Background: Platinum-based chemotherapy plays a crucial role in pre- and post-operative therapy in advanced stage ovarian cancer (OC). The objective of this study was to explore differentially expression genes (DEGs) and their survival impact after exposing to platinum-based chemotherapy in OC patient via integrated bioinformatics analysis.
Methods: Gene expression profiles of RNA-seq data in OC were extracted from the GEO and TCGA databases respectively. DEGs were sent to perform functional Gene Ontology and KEGG pathway enrichment analyses. Survival analysis was processed to identify significant prognostic genes. After overlapping between DEGs and prognostic genes, univariate and multivariate Cox proportion hazards models were utilized to estimate the hazard ratio of the potential genes with a 95% confidence interval. Finally, the Kaplan-Meier log rank test and the time-dependent receiver operating characteristic (ROC) curve were performed to evaluate the potential prognostic prediction in platinum-based chemotherapy OC patients.

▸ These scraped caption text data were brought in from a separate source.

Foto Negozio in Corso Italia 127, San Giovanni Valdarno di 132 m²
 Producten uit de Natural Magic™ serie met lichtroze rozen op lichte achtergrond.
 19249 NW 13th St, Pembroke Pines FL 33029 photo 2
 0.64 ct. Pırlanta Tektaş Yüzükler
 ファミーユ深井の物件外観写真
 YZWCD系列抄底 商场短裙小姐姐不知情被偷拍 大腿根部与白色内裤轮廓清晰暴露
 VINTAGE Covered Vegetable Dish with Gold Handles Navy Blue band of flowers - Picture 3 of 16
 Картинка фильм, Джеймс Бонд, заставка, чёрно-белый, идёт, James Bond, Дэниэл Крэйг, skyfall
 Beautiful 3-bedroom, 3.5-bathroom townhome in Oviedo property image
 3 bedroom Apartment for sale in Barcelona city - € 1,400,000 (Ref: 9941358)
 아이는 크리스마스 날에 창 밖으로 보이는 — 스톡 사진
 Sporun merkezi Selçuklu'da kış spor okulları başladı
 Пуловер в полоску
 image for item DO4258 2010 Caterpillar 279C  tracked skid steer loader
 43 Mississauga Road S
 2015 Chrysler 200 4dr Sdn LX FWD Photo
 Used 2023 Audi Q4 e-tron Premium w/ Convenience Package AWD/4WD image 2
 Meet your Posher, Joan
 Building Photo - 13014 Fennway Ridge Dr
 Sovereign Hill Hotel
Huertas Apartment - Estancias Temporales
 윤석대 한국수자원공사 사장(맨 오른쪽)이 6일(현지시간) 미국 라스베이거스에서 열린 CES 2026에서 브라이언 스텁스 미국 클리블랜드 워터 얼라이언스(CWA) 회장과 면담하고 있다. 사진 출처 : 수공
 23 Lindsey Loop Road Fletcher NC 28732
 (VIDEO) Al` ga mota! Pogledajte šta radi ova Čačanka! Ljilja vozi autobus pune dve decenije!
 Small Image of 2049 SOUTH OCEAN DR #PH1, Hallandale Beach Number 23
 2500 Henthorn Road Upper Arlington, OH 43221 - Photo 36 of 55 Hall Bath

Results: A total of 484 up-regulated and 495 down-regulated DEGs were identified. Down-regulated DEGs remarkedly enriched in the cell cycle, oocyte meiosis, progesterone-mediated oocyte maturation, homologous recombination in KEGG pathway enrichment analyses. After overlapping with survival genes in the TCGA cohort, 64 DEGs were demonstrated prognostic potential. Then 29 genes were further identified by univariate analyses. Multivariate analyses indicated eight of 29 genes (DHRS9, OVOS2, STAC2, TCF15, AADAC, LOC730183, LOC440910, ARHGDIG) demonstrated survival prediction potential in platinum-based chemotherapy OC patients. The area under the curve of the time-dependent ROC curve was 0.725 for 5-year survival prediction based on those eight genes.
Conclusion: These prognostic genes identified in this study indicate some significance for prognosis prediction in platinum-based chemotherapy OC patients.